開幕は神山健治監督作/富良野ロケ作 世界初公開 「特撮劇場」も

_国内外から映画の作り手やファンが集う「ゆうばり国際ファンタスティック映画祭2017」(実行委主催、北海道新聞社特別後援)が3月2日(木)から6日(月)までの5日間、夕張市内で開かれる。昨年から主会場となった「合宿の宿ひまわり」(旧夕張北高)など2会場5スクリーンで約90本を上映。話題作や独自の視点の作品が見られるほか、会期中は監督や出演者ら多数のゲストが訪れ、ファンや市民との交流も行われる。

(中村公美)

 

_招待作品は8本。国内外の話題作を劇場公開前に鑑賞できるとあって、ファンの注目を集める。開幕作(2日上映)は神山健治監督の新作アニメ「ひるね姫~知らないワタシの物語~」、閉幕作(5日(日))は国村隼の怪演が光る韓国映画「哭声/コクソン」(ナ・ホンジン監督)。同作は第69回カンヌ国際映画祭で注目を集め、韓国で大ヒット。国村は4日(土)のトークイベントにも登場する。

_今月26日(日)(現地時間)に決定する米2017年アカデミー賞の候補作も上映される。オーストラリアで養子となった少年が25年後に実の家族を見つけ出した実話をもとにした「LION/ライオン~25年目のただいま~」は作品賞など6部門、ジョン・F・ケネディ大統領暗殺をジャクリーン夫人の視点から描いた「ジャッキー/ファーストレディ 最後の使命」は主演女優賞など3部門でノミネートされている。
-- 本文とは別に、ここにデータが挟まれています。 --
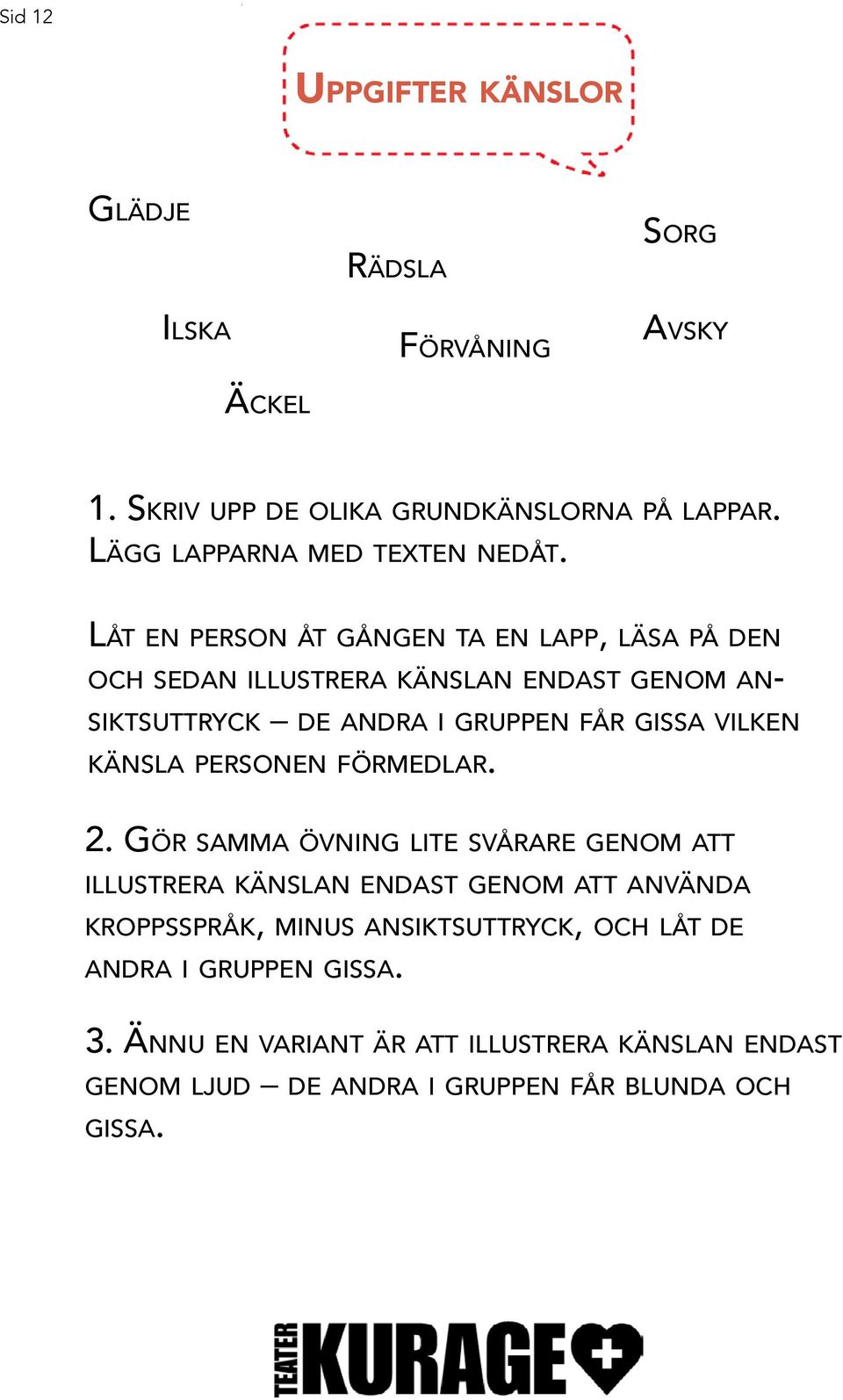 Låt en person åt gången ta en lapp, läsa på den och sedan illustrera känslan endast genom ansiktsuttryck de andra i gruppen får gissa vilken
俳優の斎藤工の長編初監督作「blank13」、韓国ドラマ界の巨匠ユン・ソクホ監督が富良野などで撮影した「心に吹く風」は世界初公開だ。

_若手の登竜門「オフシアター・コンペティション部門」では応募作532本の中から選ばれた7本を上映、グランプリを決める。同映画祭おすすめの「ゆうばりチョイス」部門は長編、短編合わせて30本超を上映。酒井麻衣監督が一人の少女が女優になるまでを描く、「はらはらなのか。」(4日)、ロナン・ジレ監督が広島でロケした日仏合作「海の底からモナムール」(5日)などだ。

_映画表現の可能性を広げようと昨年創設された「フォービデン・ゾーン(禁じられた領域の意味)」は今年も7本を上映。性や暴力などに正面から向き合った内容で、作品によって年齢制限を設ける。インターナショナル・ショートフィルム・コンペティション部門では351の応募作から選ばれた若手監督の20本を上映、賞を贈る。

_特別企画協力の「スカパー!」が番組と連動させて初開催するイベント「スカパー!×昭和40年男『特撮劇場』」(4日、入場無料)も話題だ。「ミラーマン」や「秘密戦隊ゴレンジャー」など1970年代の特撮ドラマの名作や幻の試作版を上映するほか、「ミラーマン」の鏡京太郎役・石田信之らによるトークも。当日の模様は4月2日(日)にBSスカパー!で無料放送される。

_シンポジウム「ゆうばり映画祭の未来とオフシアターの歴史」(5日)や、赤平で撮影した「雪女」を監督した鈴井貴之と鈴木直道・夕張市長が産炭地の魅力を語る「トーク」(4日)もある。

_同映画祭プロデューサーで札幌で映像事業を手掛ける「プリズム」会長の深津修一さんは「今年は各部門とも映画通をうならせる質の高い作品がそろった。作り手との交流など、滞在してもらうことでより映画祭が楽しめる」と話している。詳細は公式サイトhttp://yubarifanta.com/を参照。問い合わせは実行委事務局☎0123・57・7652へ。

 

 

北海道の可能性を発信したい

 

_同映画祭の実行委員長には昨年11月、作家の小檜山博さん(79)が就任した。同映画祭への思いや今後の抱負などを聞いた。

_実行委員長を打診された理由は、大の映画好きで、「北の映像ミュージアム」(札幌)の館長をしているからのようです。国内外にファンがいる有名な映画祭ですし、夕張市出身でない自分に務まるのか不安はありました。しかし、僕はこれまで北海道の文化振興にかかわり続けてきた自負がある。そして、この映画祭は北海道の文化がどうあるべきかを考えるとき、大きな指針となる存在。そう確信していたことが、この大役を引き受けた理由です。

_この映画祭には「お祭り」として、映画ファンを拡大する役割がある。でもそれだけでは終わらせたくない。人生は一度きりですが、映画を見ることで何回もの人生を生きることができる。その感動が映画の魅力だと思う。そんな「映画とは何なのか」という根源的な問いを、見る側から作り手に発信する場にしたい。

_日本に映画祭は数百あると言われます。夕張ならではの特徴がないと埋没してしまう。カギは雪や寒さなど北海道ならではの風土。僕は映画の主役は風景だと考えています。それは登場人物の心理を現す、大事な役割を持っているから。さらに夕張市は破綻を経験した自治体。映画祭は再生の象徴的な存在だから、そのイメージも生かしたい。

_運営費の調達など課題があることは確か。しかし、志のある映画祭として認知されることで、支援の輪は広がるはず。北海道は、明治時代にいろいろな土地から人が入った歴史から、慣習にとらわれず平等で自由な気風がある。だからこの映画祭でも新しいことに挑戦したい。文化だけにとどまらず、あらゆる面で北海道には無限の可能性があることを伝えたいですね。